Sydneysiders excited for the much-hyped "supermoon" may be forced to live vicariously through their interstate friends, with the Bureau of Meteorology forecasting low visibility on Monday night.
Anticipation has been high for the moon's biggest and brightest display in nearly 70 years, with a similar showing not expected until November 25, 2034.
But BOM forecaster Sarah Chadwick said sky watchers in Sydney would likely be left hoping for an occasional gap in the clouds – at least until midnight.
"It looks like there's going to be a layer of cloud from a couple of thousand feet above the surface, to a bit higher than that, so it is going to be reasonably cloudy," Ms Chadwick said. "You might be lucky and get a couple of breaks but I'm thinking the odds are against you."

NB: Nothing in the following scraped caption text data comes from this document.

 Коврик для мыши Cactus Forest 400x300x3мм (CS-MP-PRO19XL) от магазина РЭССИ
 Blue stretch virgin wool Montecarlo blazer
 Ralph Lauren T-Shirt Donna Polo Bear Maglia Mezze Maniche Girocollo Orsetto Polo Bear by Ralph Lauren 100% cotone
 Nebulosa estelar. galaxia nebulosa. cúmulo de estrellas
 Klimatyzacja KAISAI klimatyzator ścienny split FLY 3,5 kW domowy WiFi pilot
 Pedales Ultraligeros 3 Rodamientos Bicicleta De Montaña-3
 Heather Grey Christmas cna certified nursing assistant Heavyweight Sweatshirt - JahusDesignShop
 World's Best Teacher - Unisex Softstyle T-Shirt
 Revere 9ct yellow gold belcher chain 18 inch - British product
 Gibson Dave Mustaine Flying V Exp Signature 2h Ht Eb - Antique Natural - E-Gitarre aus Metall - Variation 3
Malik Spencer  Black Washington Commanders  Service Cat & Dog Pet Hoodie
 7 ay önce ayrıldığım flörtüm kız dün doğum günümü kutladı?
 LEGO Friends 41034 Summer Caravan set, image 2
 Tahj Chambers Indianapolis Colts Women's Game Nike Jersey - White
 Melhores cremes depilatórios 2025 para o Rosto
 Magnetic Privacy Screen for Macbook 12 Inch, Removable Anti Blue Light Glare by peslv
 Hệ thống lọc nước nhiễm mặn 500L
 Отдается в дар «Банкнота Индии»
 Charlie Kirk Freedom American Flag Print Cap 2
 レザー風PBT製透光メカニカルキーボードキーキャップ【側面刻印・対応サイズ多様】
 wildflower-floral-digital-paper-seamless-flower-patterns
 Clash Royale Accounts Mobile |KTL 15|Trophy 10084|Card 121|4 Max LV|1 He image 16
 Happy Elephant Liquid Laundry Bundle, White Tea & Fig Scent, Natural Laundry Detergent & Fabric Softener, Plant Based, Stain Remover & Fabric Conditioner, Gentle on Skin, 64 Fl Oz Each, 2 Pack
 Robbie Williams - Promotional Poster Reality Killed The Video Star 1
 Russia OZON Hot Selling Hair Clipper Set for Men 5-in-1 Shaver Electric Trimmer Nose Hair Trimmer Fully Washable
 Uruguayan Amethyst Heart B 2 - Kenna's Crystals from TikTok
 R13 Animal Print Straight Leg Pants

Other parts of NSW have a better outlook, with Weatherzone meteorologist Drew Casper-Richardson saying viewing conditions should be better in the north and far west.
This week's so-called supermoon is the second of three this year. A supermoon occurs when the moon is not only full, but orbiting close to earth.
On Monday night, the full moon will be the closest it has been to Earth since January 26, 1948. According to the Sydney Observatory, it will reach its closest point at 10.21pm AEDT, when it is just 356,509 km away.
However, in what may be some consolation to disappointed Sydneysiders, Perry Vlahos, the vice-president of the Astronomical Society of Victoria, said stargazers would probably not notice any difference between the three supermoons this year.
"The difference between other close moons would only be, in some instances, 100, 200 or 300 kilometres. To the human eye, that is almost imperceptible from a distance as great as that," he told Fairfax Media earlier this month.
The next supermoon is on Wednesday December 14. For those still willing to try for a glimpse of Monday night's moon, Mr Vlahos recommended any east-facing Sydney beach such as Manly or Bondi.